Cut the bottom off of a potato so that it will stand up on its own. Then cut the top of the potato out and hollow it out about one inch deep. Have the children paint the potatoes green and decorate with a face (beads, pipe cleaners, etc.) Fill the hollowed out top of the potato with soil and grass seeds. Water them. After they grow you will have a leprechaun with green grass hair.


We have done this for several years now and the children love it.

My birthday is on St. Pat’s Day so I tell the children I know several leprechauns personally. My best friend is Sean. Since we are such good friends he likes to play jokes on my class.

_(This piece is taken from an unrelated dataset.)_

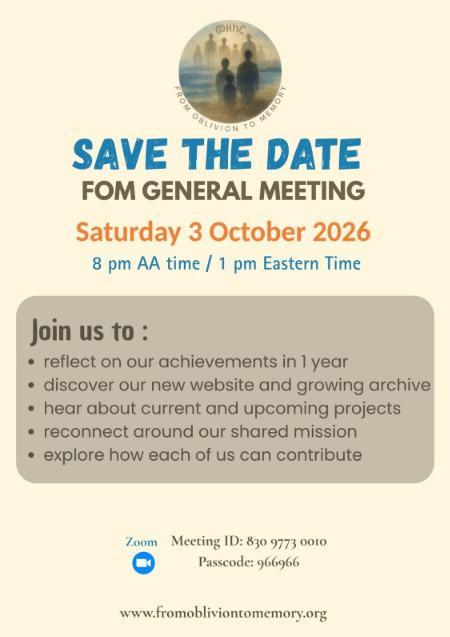 FOM General Meeting announcement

A few days before St. Pat’s Day “Sean” will leave us notes. “I’ve been watching. I like the way … was paying attention, etc. I’ll have a surprise for you on St. Pat’s Day.” He even leaves us little chocolate money to estimate.

On the 17th I use the bottom of my palm and my little finger to make green footprints all around the room. When the children come in they, of course, notice green footprints going across the t.v., the computer monitors, etc. “Well,” I say, “just wait until I talk to that Sean!” The little rascal. They have fun looking for the prints.

Hidden around the room are shamrocks with the ABC’s printed on them. Sean leaves us a message on the marker board challenging us to find them. We do, saying the letter name, sound, and a word that starts with it.

Then, at after recess, we come back to the room and there is a note from Sean saying he has hidden a surprise for us. (I back a large cake, the Wilton sheet cake that takes about 3 mixes. This year I used a chocolate one, tinted a yellow one green and a white one purple. I put them in the pan and then used a fork to swirl the colors. It turned out very pretty. The other teacher asks her parents to send in green drinks.)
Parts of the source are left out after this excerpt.